UK tycoons buy Twickenham Studios as they launch £500m film venture
Two British tycoons have snapped up Twickenham Studios as part of a £500m project to develop studio space to meet surging demand for new films and TV shows.
Piers Read, producer of The Inbetweeners and Peep Show, and Jeremy Rainbird, who launched Bafta-winning production company Merman, have bought the west London studio hub for £50m.
The pair plan to improve the iconic studio space, which won an Oscar for sound on Bohemian Rhapsody and a Bafta for mixing on 1917, and develop brand new studios in Kent and Liverpool.
Their company, The Creative District Improvement Company (TCDI), said it will invest £500m into film studios and create 5,000 jobs.
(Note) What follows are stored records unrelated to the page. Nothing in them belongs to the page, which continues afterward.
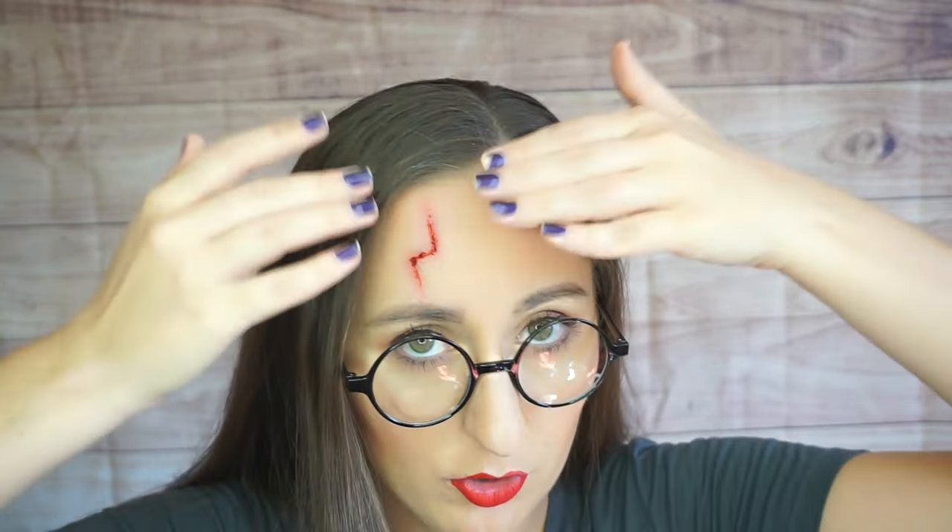Hi there and welcome back to my channel. If you haven't been here before, my name is Angie and today we are going to be doing my interpretation of a Harry Potter scar cut — fun thing right here. I did this tutorial a few years ago but I'm hoping my filming is a little bit better. Now we've got the glasses and this Harry Potter shirt, so I hope that you enjoy this quick little easy makeup tutorial on how to get this scar.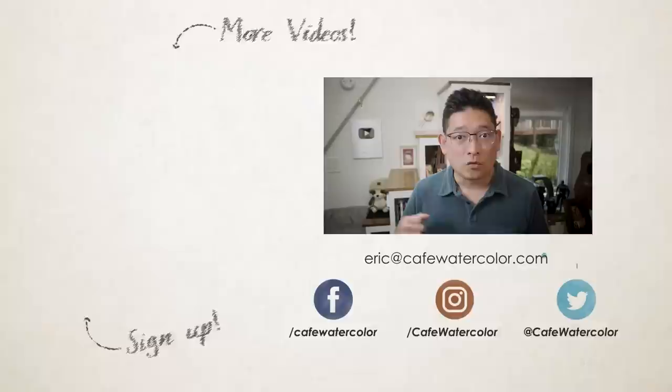If you enjoy this video, consider giving it a like and subscribe — ring the bell icon for more videos like this one. We are entering summertime and I wish you a wonderful summer ahead. My summer is going to be packed and I'll try to put up videos and keep you updated. This is Eric from Cafe Watercolor — see you next time.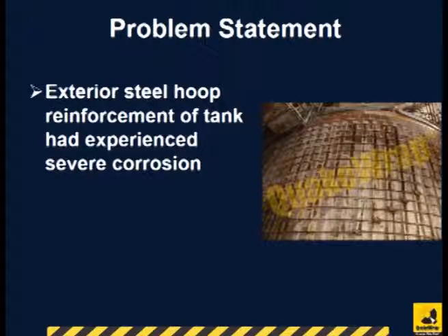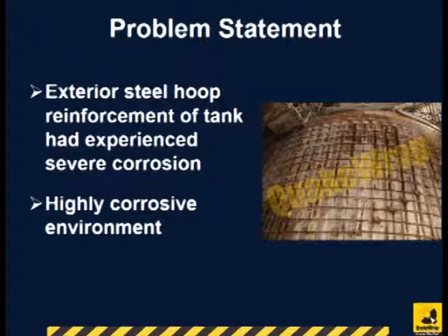The tank had a unique construction made with tile blocks arranged in a cylindrical shell. Wood slats were placed at a spacing vertically and steel cables were wrapped around the whole tank. The steel cables were severely corroded due to the highly corrosive solutions being stored in the tank.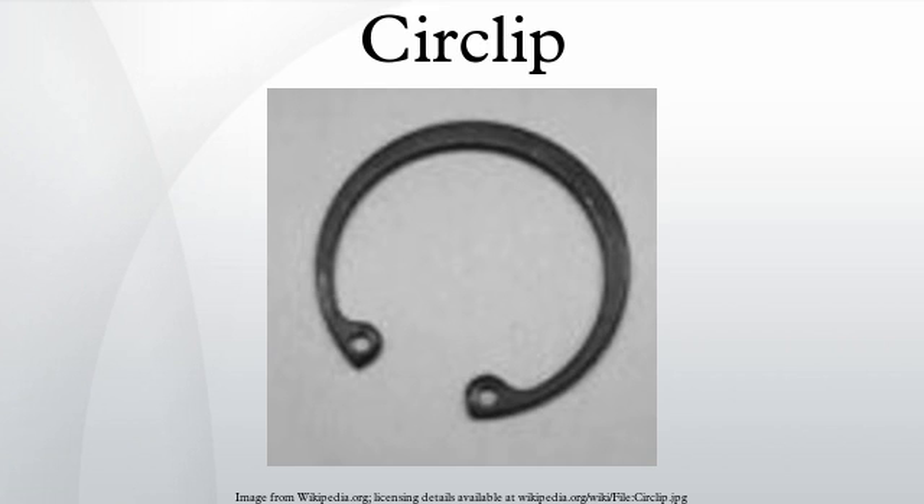A circlip, also known as a C-clip, Seeger ring, snap ring, or Jesus clip, is a type of fastener or retaining ring consisting of a semi-flexible metal ring with open ends which can be snapped into place into a machined groove on a dowel pin or other part to permit rotation but to prevent lateral movement.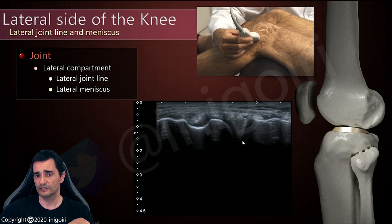As you can notice, the deep side of the meniscus is hidden, so many of the tears, the complicated ones, will not be available, not checked with this technique.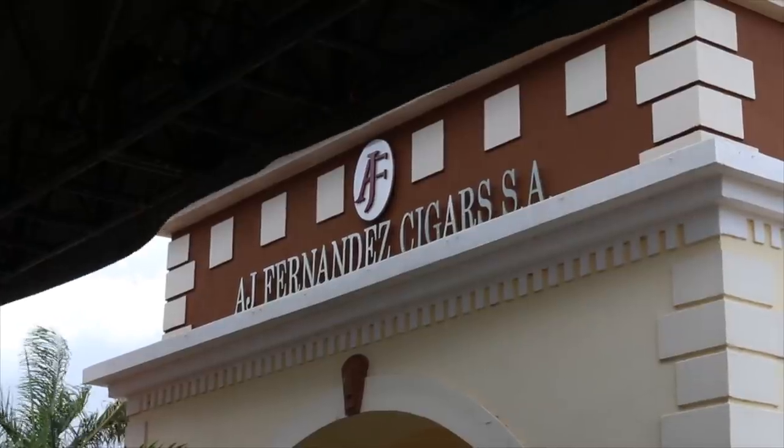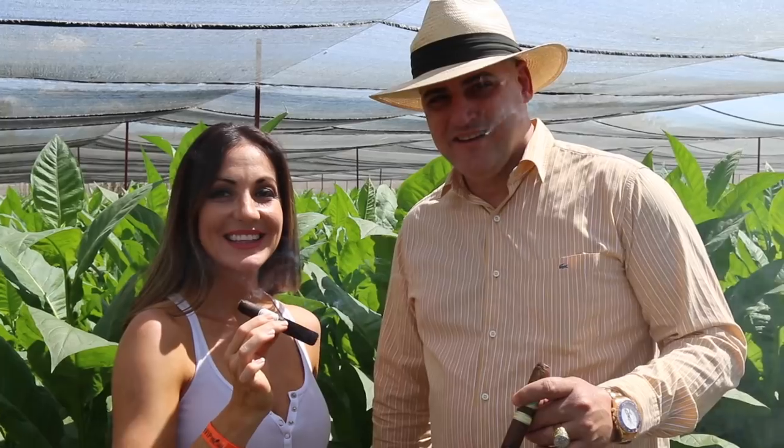The reason I am super excited about this particular farm rolled package is because all four of these cigars are coming straight from AJ Fernandez. Those of you who watch my videos a lot know I add a lot of AJ's — whether they're his name-brand cigars or ones he's blended. There's really not a cigar that he touches that's bad, and I can say that about very few people in the industry. So when I saw that this farm world package is all his cigars, I'm just too excited.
The movie moguls also said they will open 1m square feet of production space by 2024.
It is the latest major investment in UK studio space as the industry races to keep up with booming demand created by new streaming firms such as Netflix, Amazon and Apple.
Last month US film giant Blackhall Studios announced plans to create the UK’s largest purpose-built studio complex.
The £150m hub, located on the outskirts of Reading, is expected to create up to 3,000 new jobs.
Sky has also unveiled plans for a new 32-acre production complex in Elstree, while Netflix and Disney have both signed deals to take over existing space at Shepperton and Pinewood Studios.
“The UK screen industries are enjoying an exceptional boom time and it is crucial that we capitalise on this by continuing to develop our world-class infrastructure and provide access to as much purpose built studio space as we possibly can,” said Adrian Wootton, chief executive of Film London and the British Film Commission.
“I am therefore delighted by today’s news of this major investment by a UK company into UK sites, including the expansion of Twickenham Studios with its rich history of attracting filmmakers, bringing benefits to the capital and indeed to the UK as a whole.”
TCDI said its project would also develop educational partnerships with the likes of Kent University in a bid to develop skills to boost the UK’s entertainment sector.